━━━ Material provided ━━━
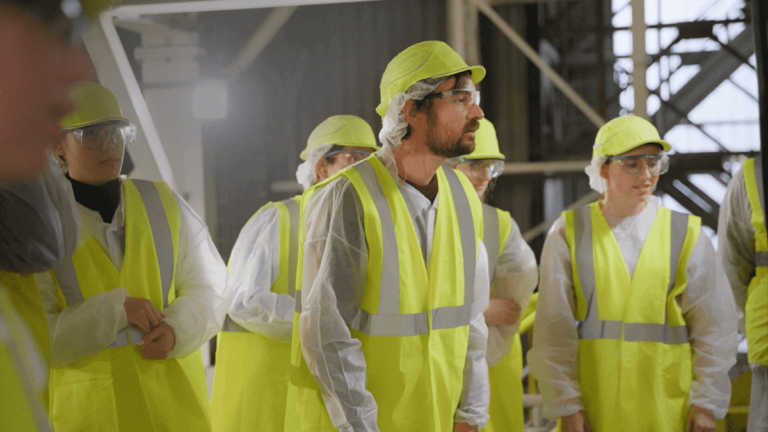 Retour en image d’une visite d’usine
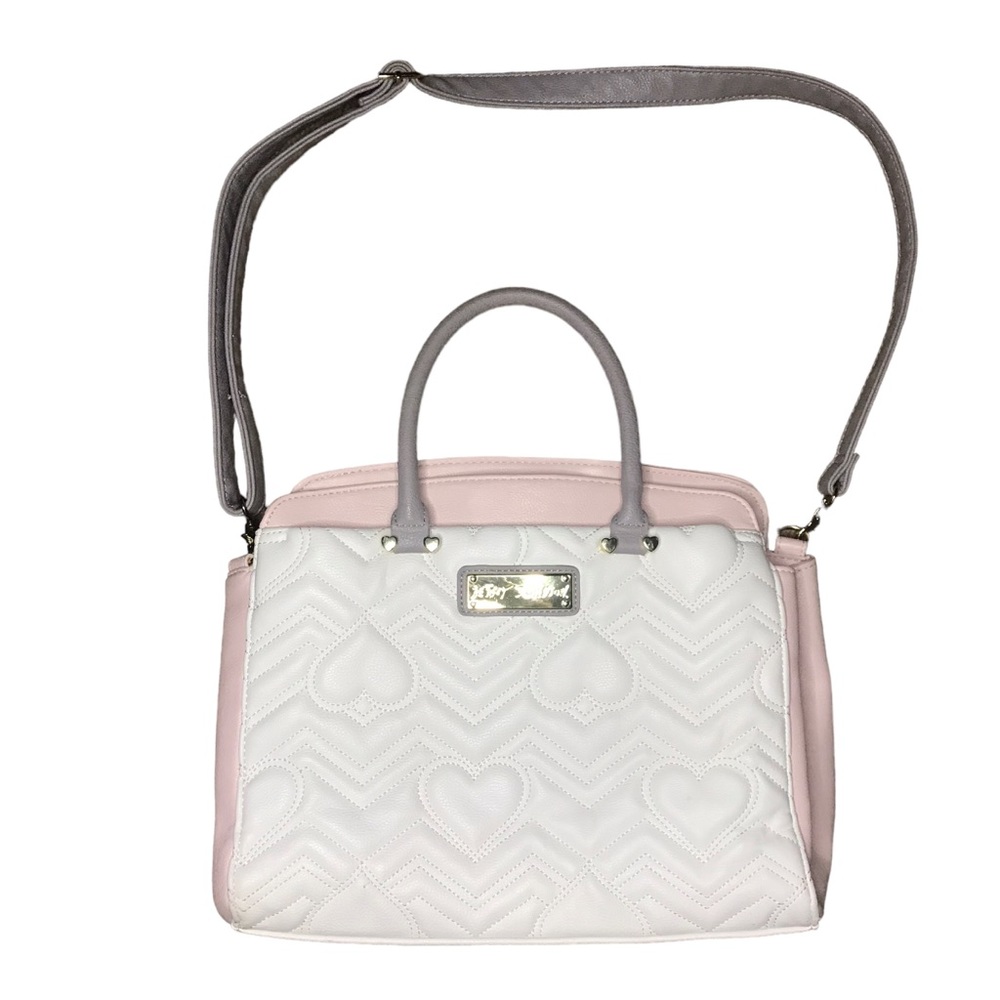 RARE Quilted Betsy Johnson Heart Purse Bag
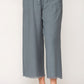 Frayed Wide Leg Pants With Pockets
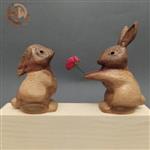 مجسمه چوبی خرگوش‌های عاشق/ کادویی و هدیه/ اچ وود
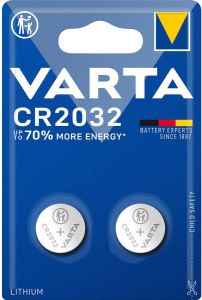 Varta Lithium-Knoopcelbatterij CR2032 | 3 V DC | 230 mAh | 2 stuks | Zilver | 1 stuks 6032101402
━━━
Retype word for word all the material given above, and keep the pictures out.

Output
 Retour en image d’une visite d’usine
 RARE Quilted Betsy Johnson Heart Purse Bag
 Frayed Wide Leg Pants With Pockets
 مجسمه چوبی خرگوش‌های عاشق/ کادویی و هدیه/ اچ وود
 Varta Lithium-Knoopcelbatterij CR2032 | 3 V DC | 230 mAh | 2 stuks | Zilver | 1 stuks 6032101402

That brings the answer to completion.